Pour l’instant, les grands États riches ne sont pas apparus sur le devant de la scène. Mais des groupes privés occidentaux, venant plus du monde de la finance que de l’agroalimentaire, sont néanmoins sur les rangs.

En fait, la récente crise alimentaire (2007-2008) n’a pas touché tous les pays de la même façon. Elle a même servi les intérêts des pays producteurs et exportateurs (Europe, États-Unis) et consacré un important clivage entre Nations riches, puissances « émergentes » et pays pauvres.

La plupart des pays riches ont garanti leur « sécurité alimentaire » depuis bien longtemps. Grâce à la période de colonisation d’abord, et l’accès direct à l’exploitation des terres des pays conquis ; par la puissance économique, ensuite, de leurs agricultures nationales (mécanisation, gains de productivité) et celle, tentaculaire, de dizaines de multinationales qui contrôlent depuis les années 1950 l’essentiel du marché mondial de l’alimentaire [2]. Un contrôle qui ne passe en général pas par la possession et l’exploitation directe des terres, sauf dans certains secteurs comme la banane. Car ces multinationales sont en mesure d’imposer leurs conditions aux producteurs, elles tiennent les marchés des produits alimentaires, les filières de l’industrie de transformation, des engrais, des semences, des machines agricoles, etc.

Vers une nouvelle « Guerre des paysans » ?

La donne est différente pour les nouvelles puissances « émergentes ». Récemment entrés dans l’arène des « Géants du grain », ces pays (Chine, Inde, Brésil, mais aussi, pour des raisons différentes, Japon, Corée du Sud, etc) se heurtent au système cadenassé par les grandes puissances occidentales et leurs trusts. Ils doivent donc se faire une place en tentant de bouleverser les règles classiques du marché de l’alimentation mondiale, par l’achat de terres.

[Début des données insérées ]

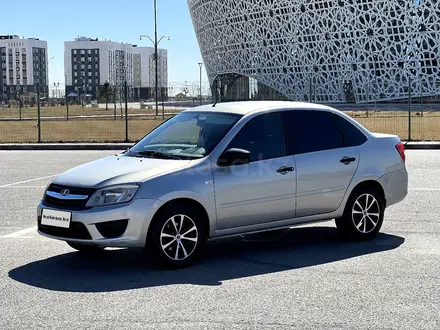 ВАЗ (Lada) Granta 2190 2018 года за 3 100 000 тг. в Туркестан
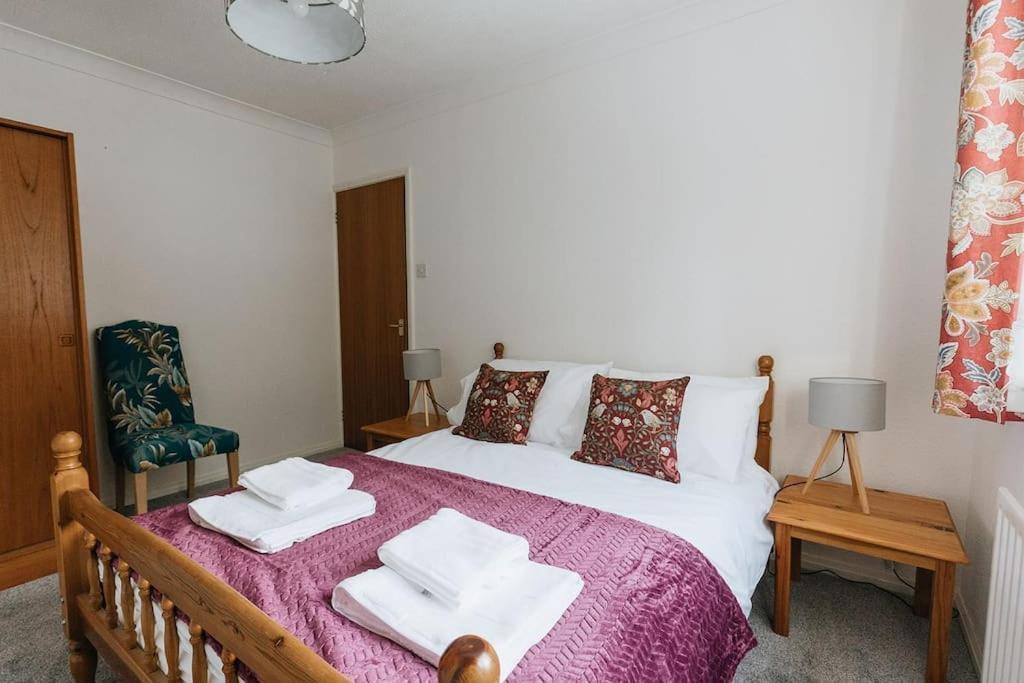 Underwood Cottage - Peaceful House In Kendal With Views Of Cumbria Kültér fotó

Cette nouvelle vague de colonisation des terres se passe – dans l’immédiat – sans recours aux armes. Contrairement aux conquêtes coloniales des siècles passés, ce nouvel accaparement territorial utilise les pures lois du marché. Les puissances émergentes font ainsi l’économie d’avoir à mobiliser des troupes pour occuper militairement les espaces conquis. Mieux, ce sont les États « vendeurs » qui se chargent de faire passer la pilule auprès des populations concernées !

À un stade de l’impérialisme où le nombre de personnes frappées de malnutrition ne cesse de croître, cette nouvelle étape de la colonisation des terres n’arrangera pas la situation des plus démunis de la Planète. Elle contribuera même à accélérer la prolétarisation de millions de paysans qui viendront grossir des bidonvilles déjà saturés de misère et de dénuement [3]. À moins que ces nouveaux « accaparements » de terres ne suscitent le soulèvement des campagnes des pays concernés. En Inde, à Madagascar et aux Philippines, des émeutes ont déjà eu lieu. Non pas des émeutes de la faim, mais des révoltes de la colère. Par milliers, des villageois se sont opposés aux négociations engagées par leurs États pour brader les terres de leurs ancêtres. Les faisant reculer, parfois. Gageons que ces « guerres des paysans » modernes s’intensifient et que leurs revendications rallient à l’avenir celles de leurs frères prolétarisés des grandes villes.

Ludo BOZANOV


[1De nombreuses informations sur la question sont disponibles sur le site internet de cette association : www.grain.org.

[2« Les Géants du grain. Une arme plus puissante que le pétrole. » de Dan Morgan, Editions The Viking Presse - 1979 (et chez Fayard - 1980).

[3« Les Affameurs. Voyage au cœur de la planète de la faim » de Doan Bui, Éditions privé - 2009.